Metadata-Version: 2.1
Name: cheka
Version: 0.6
Summary: This tool validates a data graph against a set of SHACL shape graphs that it extracts from a hierarchy of Profiles (Standards/Specifications and/or profiles of them).
Home-page: https://github.com/surroundaustralia/cheka
Author: Nicholas Car
Author-email: nicholas.car@surroundaustralia.com
License: LICENSE
Download-URL: https://github.com/surroundaustralia/cheka/archive/0.6.tar.gz
Project-URL: Bug Reports, https://github.com/surroundaustralia/cheka/issues
Project-URL: Source, https://github.com/surroundaustralia/cheka/
Description: ![](style/cheka.png)
        
        ![](https://zenodo.org/badge/DOI/10.5281/zenodo.3676330.svg)  
        # CHEKA
        A profile hierarchy-based RDF graph validation tool written in Python
        
        
        1. [Installation](#installation)
        2. [Use](#use)
        3. [Testing](#testing)
        4. [License](#license)
        6. [Citation](#citation)
        5. [Contacts](#contacts)
        
        
        This tool validates a data graph against a set of SHACL shape graphs that it extracts from a hierarchy of Profiles (Standards/Specifications and/or profiles of them). It uses conformance claims in the data graph to a Profile to collate and then use all the 
        *validator* SHACL files within the hierarchy of other Profiles and Standards to which that Profile profiles.
        
        Cheka uses [Profiles Vocabulary (PROF)](https://www.w3.org/TR/dx-prof/) descriptions of Profiles and Standards and both 
        traverses up a Profile hierarchy (following `prof:isProfileOf` properties) and across from `prof:Profiles`s to 
        `prof:ResourceDescriptors` that describe the constraints implemented for them. These constraints are currently limited 
        to [Shapes Constraint Language (SHACL)](https://www.w3.org/TR/shacl/) files and must have the `prof:Role` of 
        `role:validation` to be recognised by Cheka. The [pySHACL](https://github.com/RDFLib/pySHACL) Python SHACL validator is 
        used to perform SHACL validation.
        
        
        ## Installation
        1. Ensure Python 3 in available on your system
        2. Clone this repo
        2. Install requirements in *requirements.txt*, e.g. `~$ pip3 install -r requirements.txt`
        3. Execute scripts as per *Use* below
        
        
        ## Use
        ### Input requirements
        To use Cheka, you must supply it with both a data (an RDF graph) to be validated and a profiles hierarchy (another RDF graph).
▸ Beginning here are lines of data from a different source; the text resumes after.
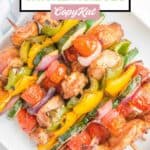 Overhead view of air fryer chicken kabobs piled on a platter.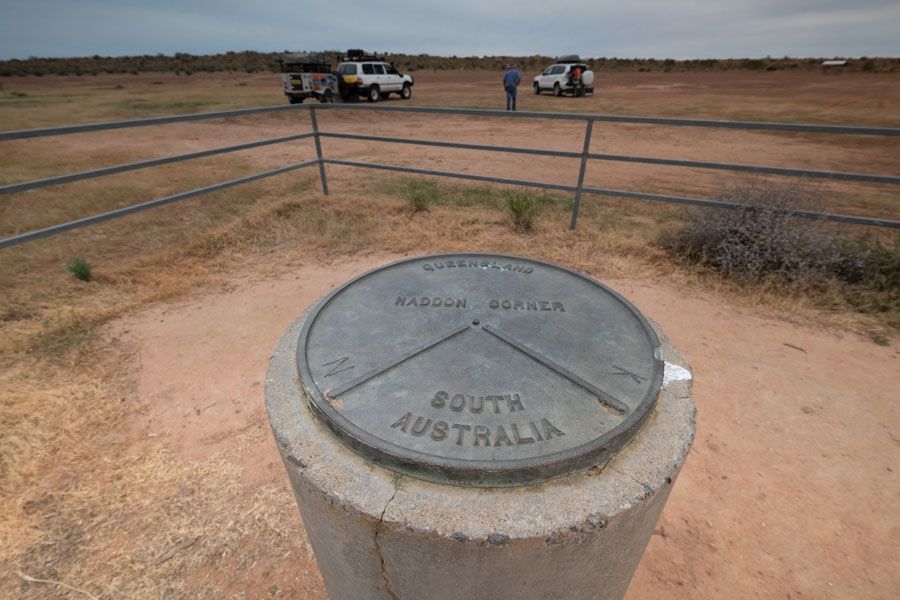 Marker stone for the South Australia border with vehicles and people in the background.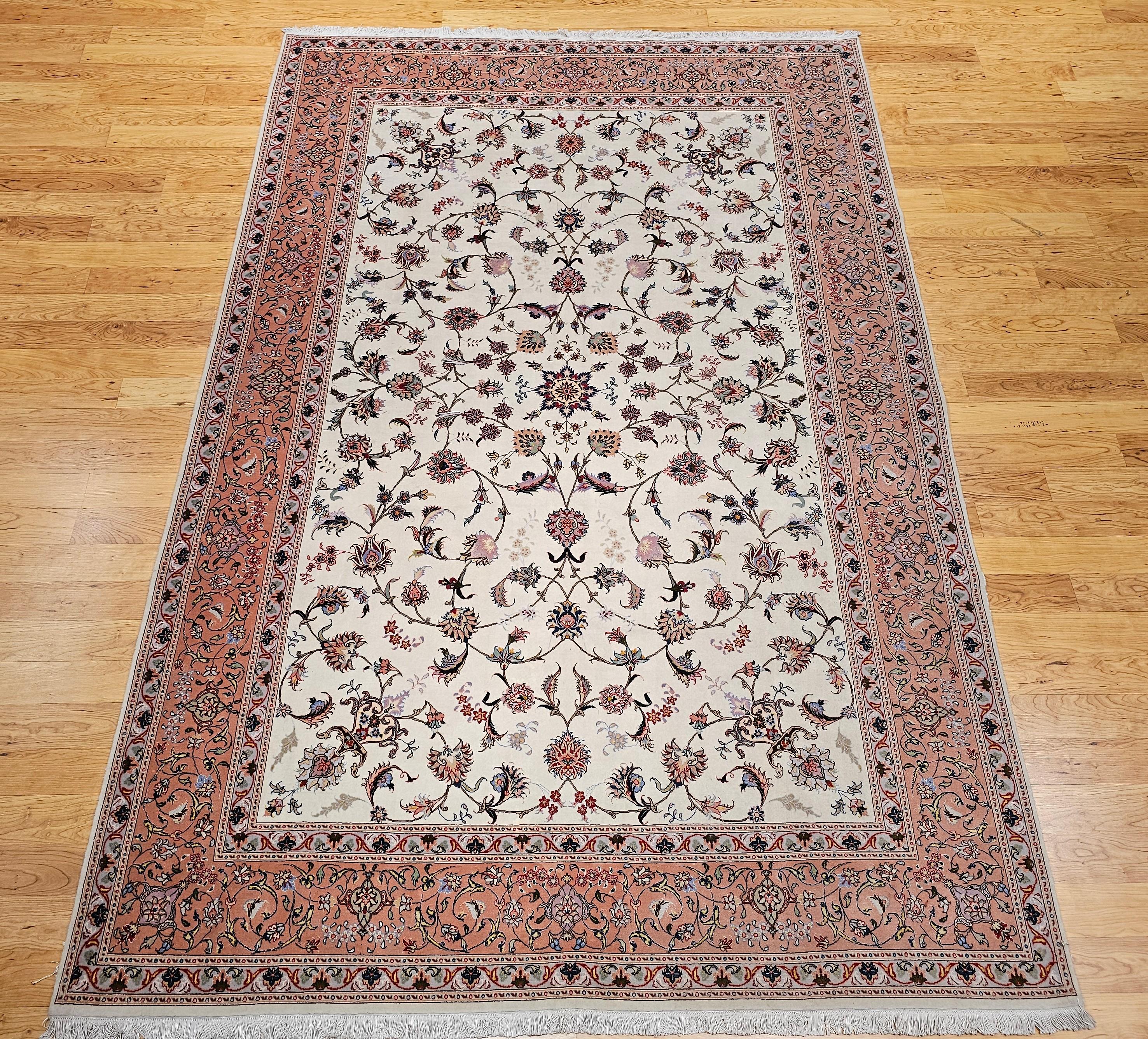 Wonderfully graceful and understatedly beautiful fine weave Persian Tabriz room size rug in an allover floral pattern with an ivory color background and a pale pink border.  It is artistically woven with a wool pile on a cotton foundation with silk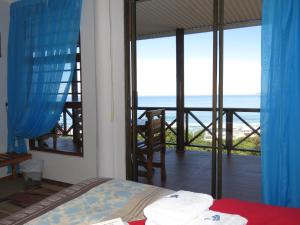 a bedroom with a bed and a view of the ocean at At Whale-Phin Guest House in Reebok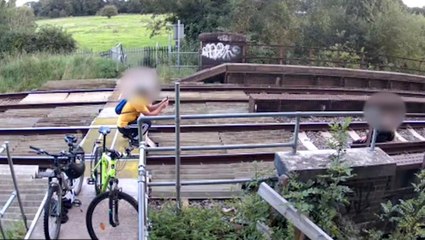 Couple pose on railway track for a picture where trains speed by at 100mph
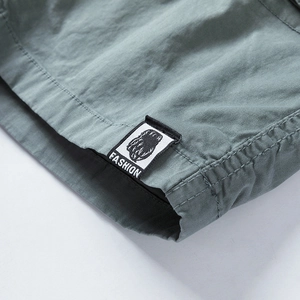 Close-up of the high-quality cotton twill fabric and fashion woven label on cargo shorts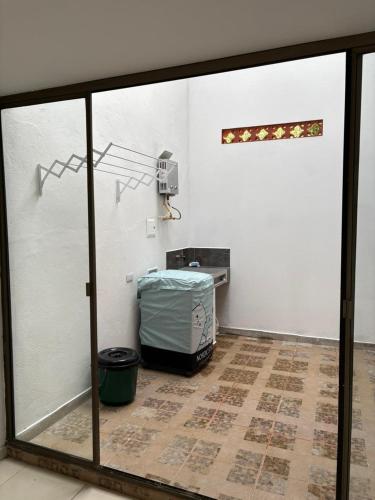 a room with a large glass door with a room with aperature at Casa Pino Campestre Panorámica in Jericó
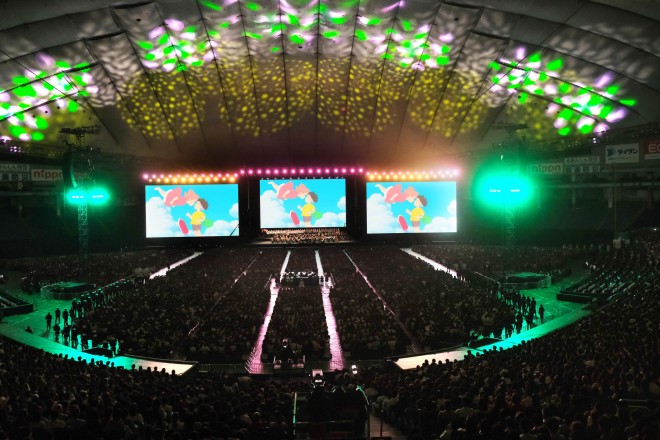 Joe Hisaishi conducts the Royal Philharmonic Orchestra at the Studio Ghibli Film Concert in Tokyo Dome.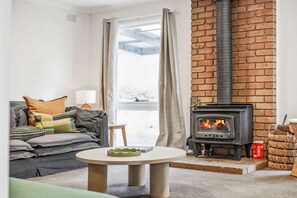 A cozy living room with a fireplace, a sofa, a table, and a view of the outdoors. - The Hide at Big Hill (Big Hill)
It will then use 
        one of several selected strategies to validate objects within the data using validating resources it locates using the 
        profiles hierarchy.
        
        You *may* supply it with a couple of other flags too for other functions.
        
        The command line arguments (Python & BASH) are:
        
        **Flag** | **Input values** | **Requirement** | **Notes**  
        --- | --- | --- | ---
        `-d` / `--data` | an RDF file's path | mandatory | Can be in most RDF formats with conventional file endings (e.g. `.ttl` for Turtle, `.jsonld` for JSON-LD)
        `-p` / `--profiles` | an SHACL file's path | mandatory | As above. Profiles description must be formulated according to [PROF](https://www.w3.org/TR/dx-prof/) 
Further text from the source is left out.